В 80-е годы моя семья снимала дачу в очень хорошем месте недалеко от Москвы, и мы ходили на речку мимо дачи М.Мироновой. Полгектара прекрасной земли, дом

с газом, телефоном, канализацией и т.д., к дому асфаль­тированное шоссе. Да и в Москве квартира, судя по телепередаче, незаурядная. Об этих мелочах, полученных от государства, артистка вообще забыла упомянуть. Они ею были получены как бы из воздуха, как часть приро­ды, по какому-то высшему праву. Спасибо, мол, за то, что вы есть. А на самом деле это была именно плата, и очень немаленькая.

Но с Мироновой много требовать и не приходится. А вот в июле 1999 г. в передаче «Тихий дом» (с С.Шолохо­вым) откровенничает моя любимая певица, замечатель­ный наш голос — Елена Образцова (лауреат Ленинской и Государственной премий, Герой Социалистического Тру­да). Она ударилась в философию и стала рассуждать о роли счастья и страдания в творчестве: «Один момент в жизни сделал меня счастливой — это ненависть»* Веду­щий состроил удивленное лицо: мол, как так? И певица поведала ужасную историю. Она договорилась с Аббадо участвовать в записи «Реквиема» Моцарта. Приехала в Милан и узнает, что эту партию дали другой певице. По­чему? Аббадо ей объясняет, что якобы какой-то чиновник из Министерства культуры СССР забыл прислать какую-то телеграмму, необходимую для заключения контракта. Образцова, по ее словам, «была потрясена, возмущена, почувствовала себя абсолютной рабыней» и захотела ос­таться за границей — она «возненавидела СССР».

А как же счастье? Оно пришло попозже, вечером, ко­гда она в концерте пела с Аббадо в сцене судилища, где посылала проклятья жрецам — «я проклинала Советскую власть». Проклинала не забывчивого чиновника, не сво­его друга Аббадо, который поленился позвонить ей, что­бы ликвидировать недоразумение (если только дело и вправду было в телеграмме, а не в обычных артистических интригах). Нет, она проклинала ни много, ни мало Советскую власть и ненавидела страну. А ведь она про­шла типично советский путь в искусство — в провинци­альном городе училась петь классические арии во Двор­це пионеров.

Можно бы понять — натура художественная, впечат­лительная, был у нее в Милане момент аффекта. Но го­ворить это через много лет как о важном и дорогом для нее моменте жизни («счастье»), по Центральному телеви­дению всему народу — это какая-то невероятная бесчув­ственность. Неспособность положить на одни весы свою обиду и свое проклятье. Так же, как говорить о той оби­де, какую нанес ей Советский Союз — у нее из квартиры забрали предоставленный ей на время хороший рояль. Поминать это человеку, который на свои доходы мог бы десятки таких роялей купить.

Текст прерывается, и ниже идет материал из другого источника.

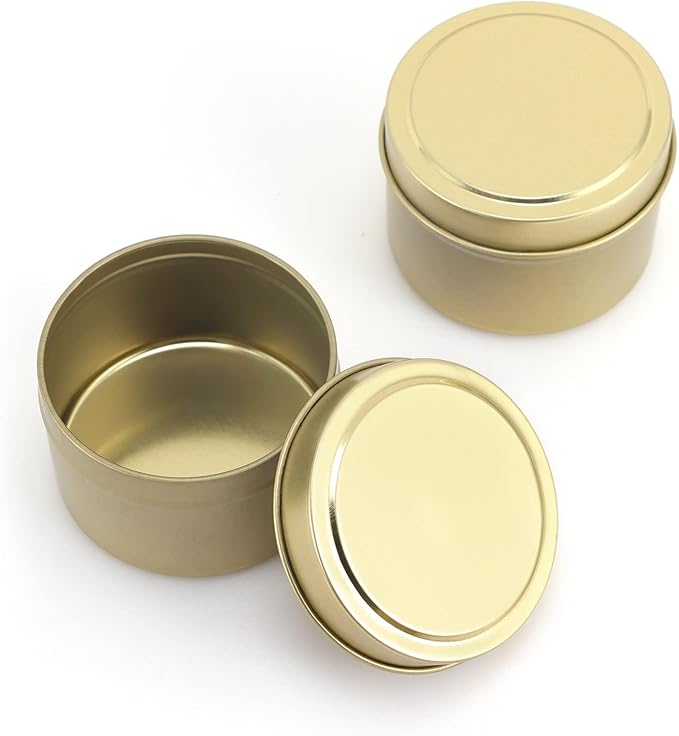 SONVIIBOX 48 Pieces 4oz Gold Candle Tins,Bulk Candle tin,Candle Jars for Making Candles,Bulk Candle Containers for Candle Making,Storage Jars,DIY Candle Making(Gold)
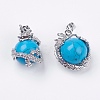 Synthetic Turquoise Pendants G-F228-04I-RS-2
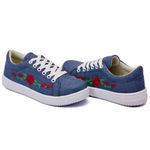 Tênis Casual Jeans Claro Flor DKShoes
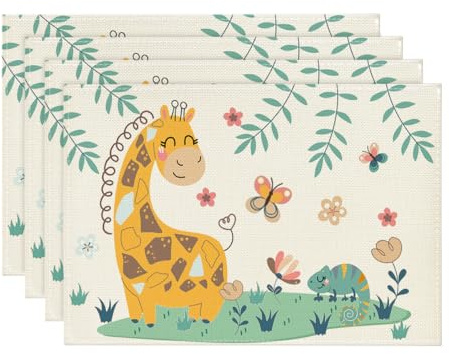 Artoid Mode Giraffe Schmetterling Dschungel Kinder Platzsets 4er Set, 30x45cm Tischset Waschbar Platzdeckchen Küche Party Deko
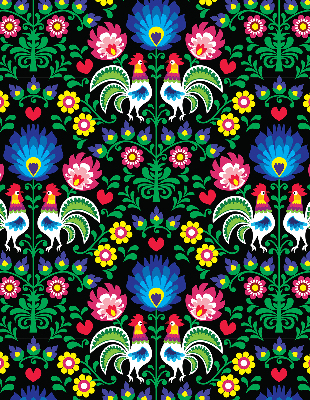 Roller blind for large window Colorful roosters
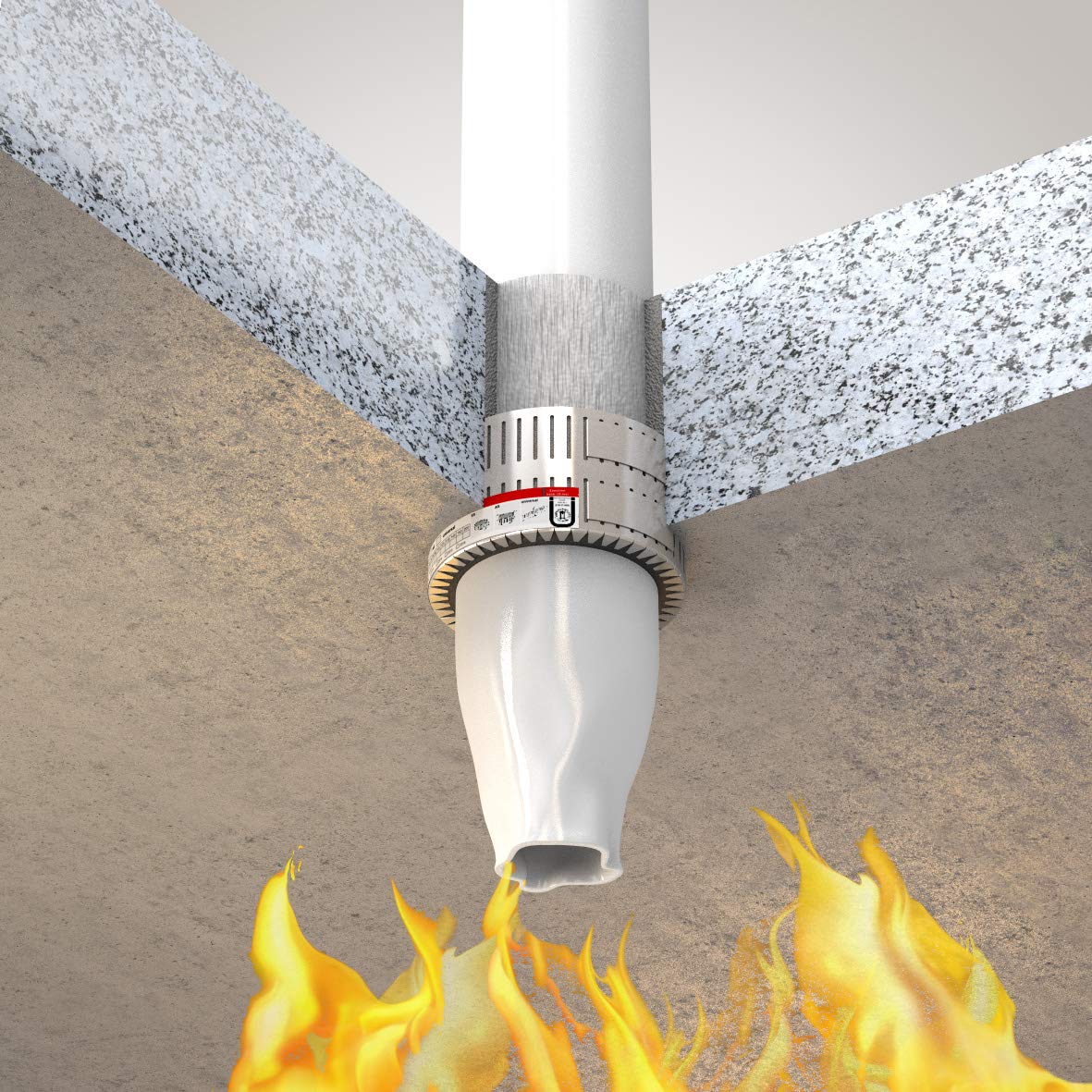 HBT ISITHERM BBR 2 - Manguito de protección contra incendios para tubos de 50-250 mm (200 mm), resistencia al fuego de hasta 120 minutos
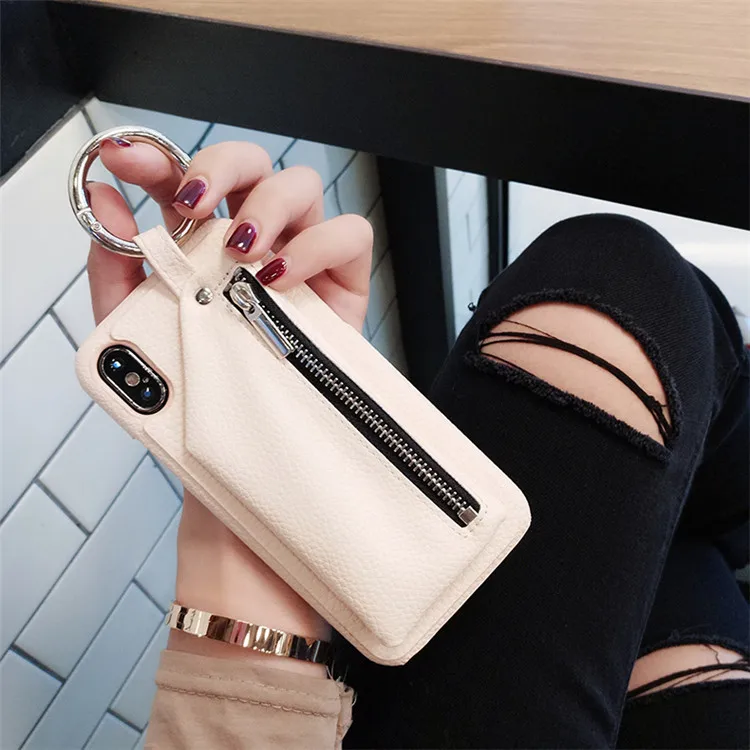 Pink Чехол-бумажник из искусственной кожи на молнии для iPhone X, XR, XS, XS, Max, Женский Стильный кожаный чехол для iPhone 6, 6s, 7, 8 plus, чехол - Цвет: Pink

В целом, жалобы на то, что советский строй их разо­рил, стали обычными в среде антисоветской элиты. Кста­ти, на этом свихнулась, в общем, вовсе не та небольшая часть советского общества, чьи деды или отцы действи­тельно что-то потеряли вследствие установления совет­ского строя. Утех как раз мысли о возможном богатстве имели элегический характер (как у моего товарища по парте, дедушка которого имел свечной заводик). Они не становились частью политического проекта. Расщепле­ние сознания произошло скорее у тех, кто мечтал о бо­гатстве как избавлении от комплекса неполноценности и кого советский строй как раз поднял из низов — но под­нял не настолько, чтобы утолить этот комплекс. Да ведь есть люди, у которых этот комплекс неутолим.

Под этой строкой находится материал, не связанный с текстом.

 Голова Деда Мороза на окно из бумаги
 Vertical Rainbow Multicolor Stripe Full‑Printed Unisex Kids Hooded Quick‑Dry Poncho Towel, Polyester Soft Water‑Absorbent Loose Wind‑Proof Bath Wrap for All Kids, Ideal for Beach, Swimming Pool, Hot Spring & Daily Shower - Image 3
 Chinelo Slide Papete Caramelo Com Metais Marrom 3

Эту странность замечали даже иностранные «нату­ралисты», нахлынувшие в Москву с приходом Горбаче­ва. Американская журналистка М. Фенелли, которая наблюдала перестройку в СССР, отмечает в своих записках: «Интересно, впрочем, что места, где я встречалась со сле­дами германской помощи «голодной перестройке», были квартиры вполне благополучных деятелей либерально­го истеблишмента, нуждающихся, на мой взгляд, скорее в рекомендациях Поля Брэгга (известный американский диетолог, борец с ожирением)... Все они очень любят жа­ловаться на разорившее их прошлое, однако трудно по­нять, каким образом Троцкий или Ленин помешали Гав­риилу Попову, черноморскому греку из небогатой семьи, при последних коммунистических правителях подняться к видным постам в научной элите» («Век XX и мир», 1991, № 6). Вообще, приход к власти людей мелочных и озлоб­ленных — большая трагедия для страны.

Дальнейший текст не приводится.